(Brief descriptive captions)

============================================================

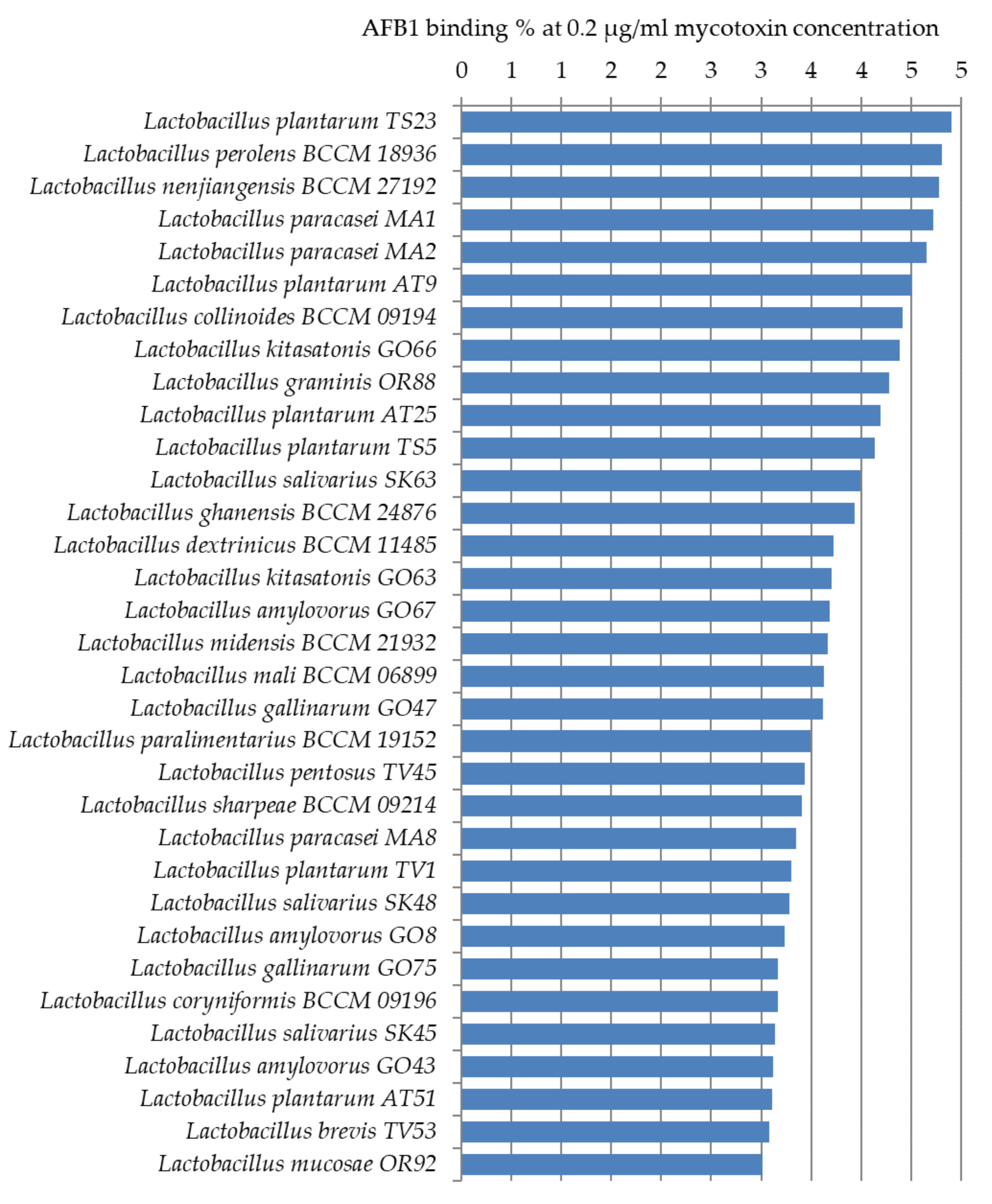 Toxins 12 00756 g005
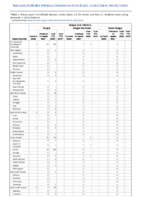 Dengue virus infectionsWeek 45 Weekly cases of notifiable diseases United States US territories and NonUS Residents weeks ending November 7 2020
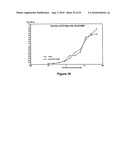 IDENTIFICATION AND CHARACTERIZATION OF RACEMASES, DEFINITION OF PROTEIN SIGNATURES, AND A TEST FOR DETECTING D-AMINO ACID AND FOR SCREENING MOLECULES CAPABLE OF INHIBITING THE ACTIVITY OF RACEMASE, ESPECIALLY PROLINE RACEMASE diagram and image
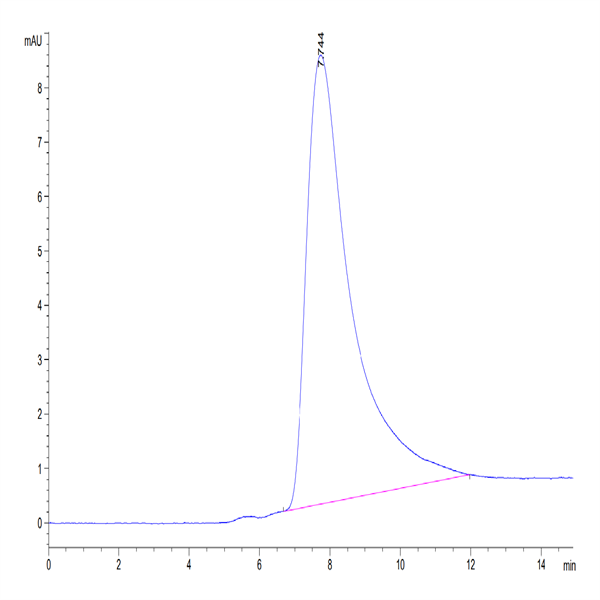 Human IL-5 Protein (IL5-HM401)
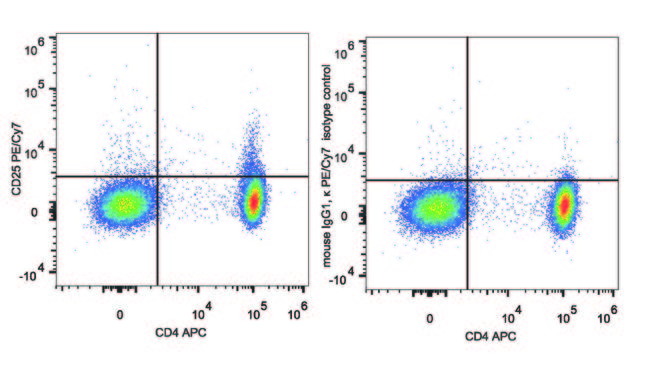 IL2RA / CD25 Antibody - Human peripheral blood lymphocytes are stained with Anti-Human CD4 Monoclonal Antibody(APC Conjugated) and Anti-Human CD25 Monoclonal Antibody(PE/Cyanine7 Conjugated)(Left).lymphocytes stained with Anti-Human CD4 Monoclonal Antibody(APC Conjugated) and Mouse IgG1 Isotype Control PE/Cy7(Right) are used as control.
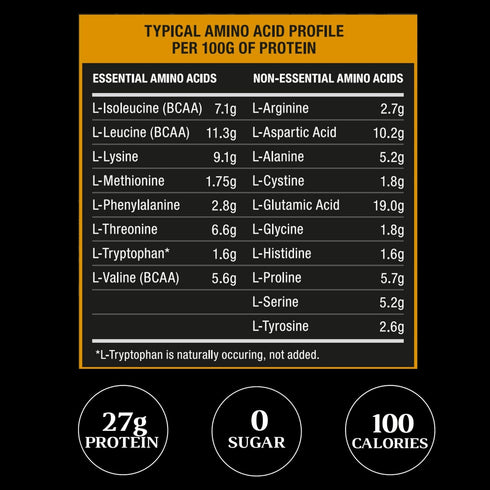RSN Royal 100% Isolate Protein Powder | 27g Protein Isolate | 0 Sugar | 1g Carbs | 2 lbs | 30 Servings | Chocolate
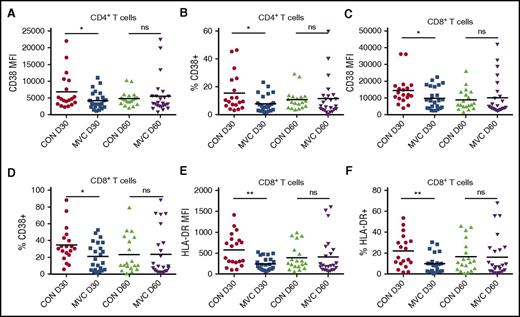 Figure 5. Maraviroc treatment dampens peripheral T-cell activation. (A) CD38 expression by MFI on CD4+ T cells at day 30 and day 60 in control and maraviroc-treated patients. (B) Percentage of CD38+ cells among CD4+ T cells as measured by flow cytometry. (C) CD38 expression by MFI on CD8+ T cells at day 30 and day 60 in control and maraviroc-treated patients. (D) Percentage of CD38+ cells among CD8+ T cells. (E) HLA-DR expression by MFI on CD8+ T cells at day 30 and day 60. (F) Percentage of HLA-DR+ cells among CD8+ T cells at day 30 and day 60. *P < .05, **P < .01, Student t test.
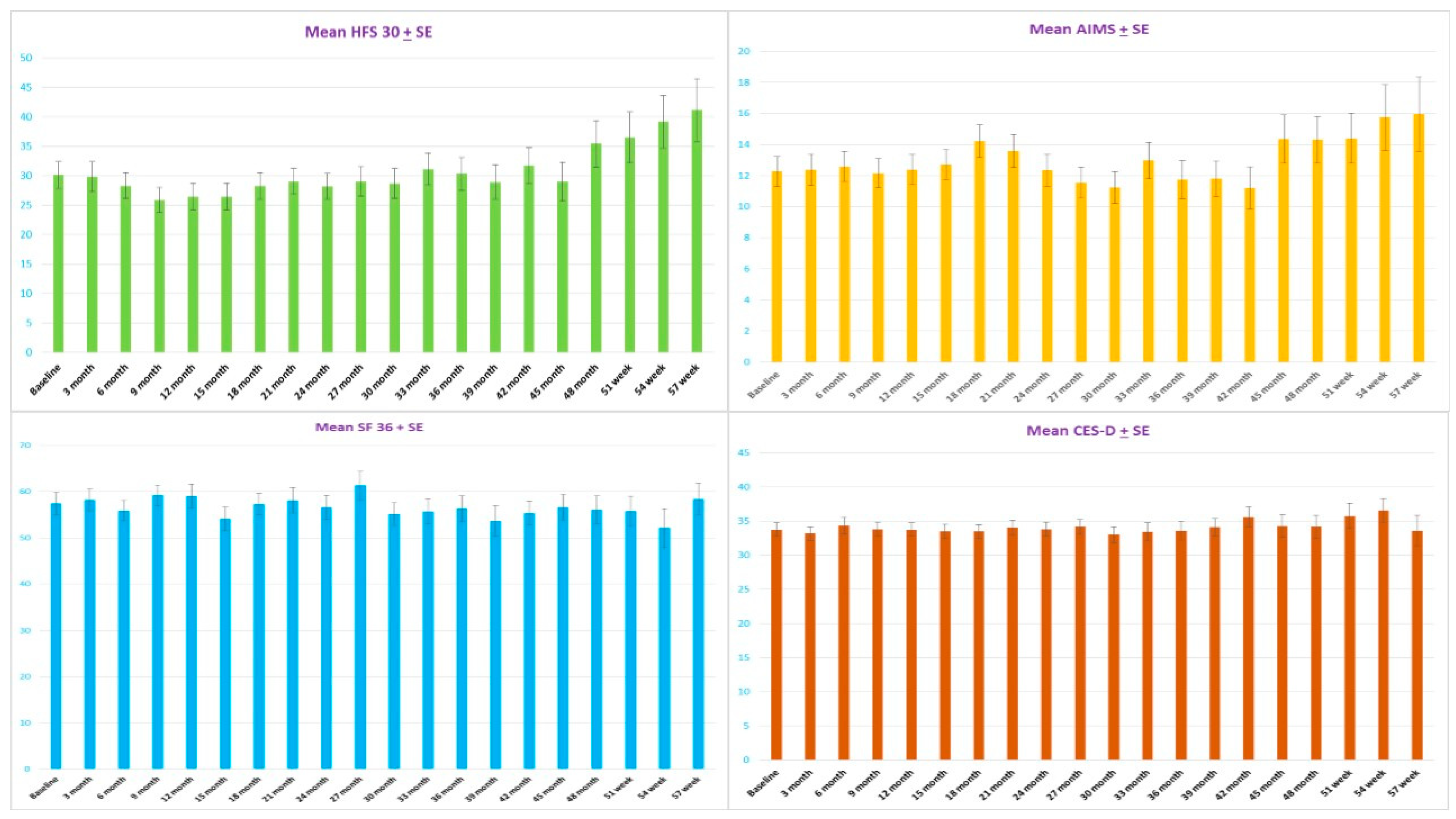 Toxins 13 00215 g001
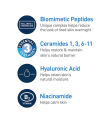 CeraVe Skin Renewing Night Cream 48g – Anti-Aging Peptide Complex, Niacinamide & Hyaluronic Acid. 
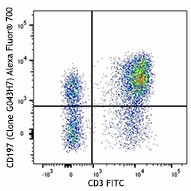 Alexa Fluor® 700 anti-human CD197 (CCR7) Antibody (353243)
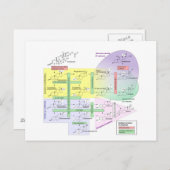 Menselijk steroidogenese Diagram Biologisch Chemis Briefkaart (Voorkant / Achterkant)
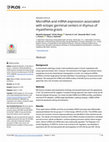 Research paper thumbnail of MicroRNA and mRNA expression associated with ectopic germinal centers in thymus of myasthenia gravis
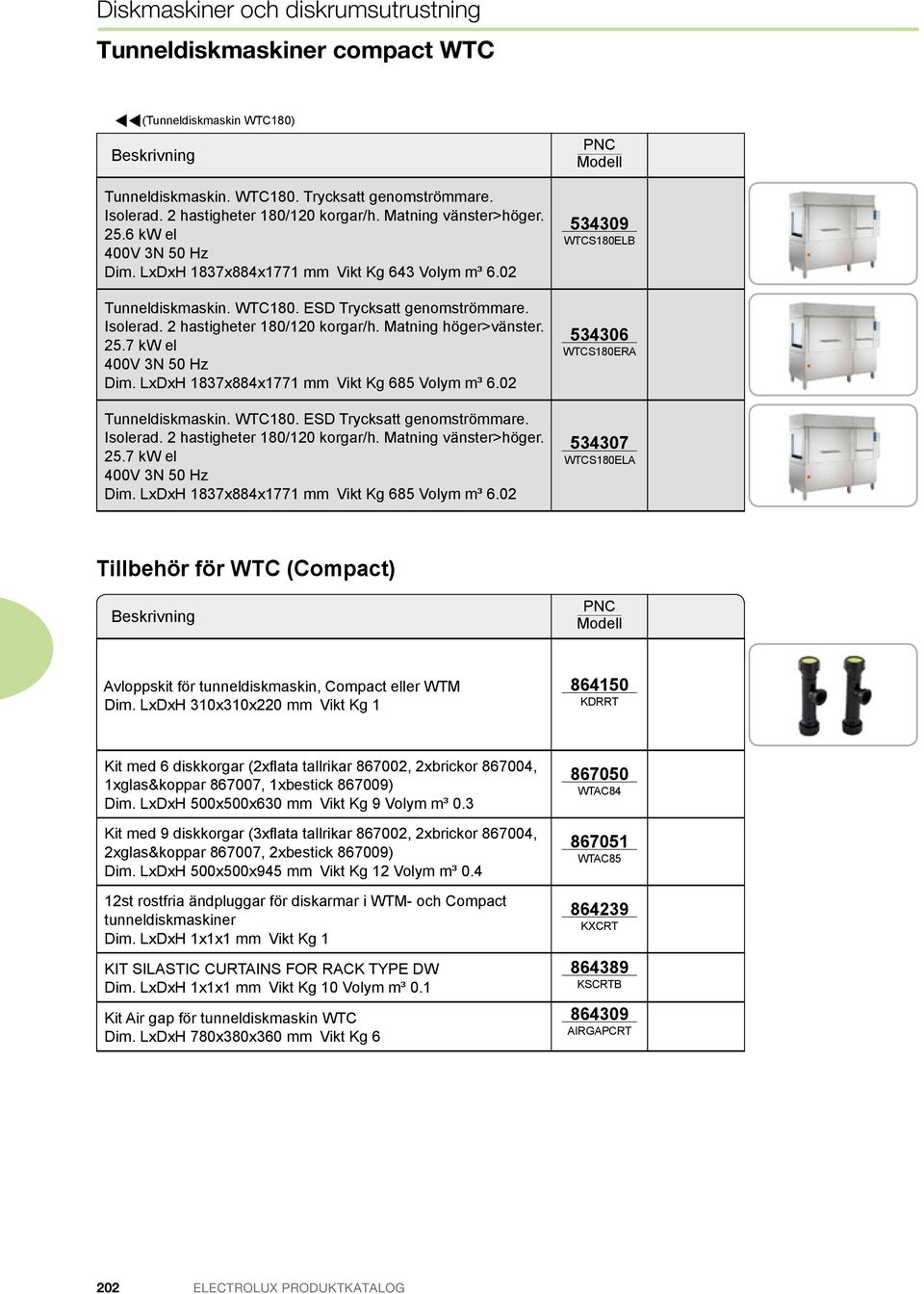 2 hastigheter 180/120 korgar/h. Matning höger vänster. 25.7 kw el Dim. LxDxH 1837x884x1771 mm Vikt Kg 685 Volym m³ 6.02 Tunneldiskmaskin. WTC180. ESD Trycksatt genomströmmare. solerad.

============================================================

**Task item**
From the line containing "Menselijk steroidogenese Diagram" through the last line of the entries, both included, print each line exactly and omit any picture.

**Response box**
 Menselijk steroidogenese Diagram Biologisch Chemis Briefkaart (Voorkant / Achterkant)
 Research paper thumbnail of MicroRNA and mRNA expression associated with ectopic germinal centers in thymus of myasthenia gravis
 2 hastigheter 180/120 korgar/h. Matning höger vänster. 25.7 kw el Dim. LxDxH 1837x884x1771 mm Vikt Kg 685 Volym m³ 6.02 Tunneldiskmaskin. WTC180. ESD Trycksatt genomströmmare. solerad.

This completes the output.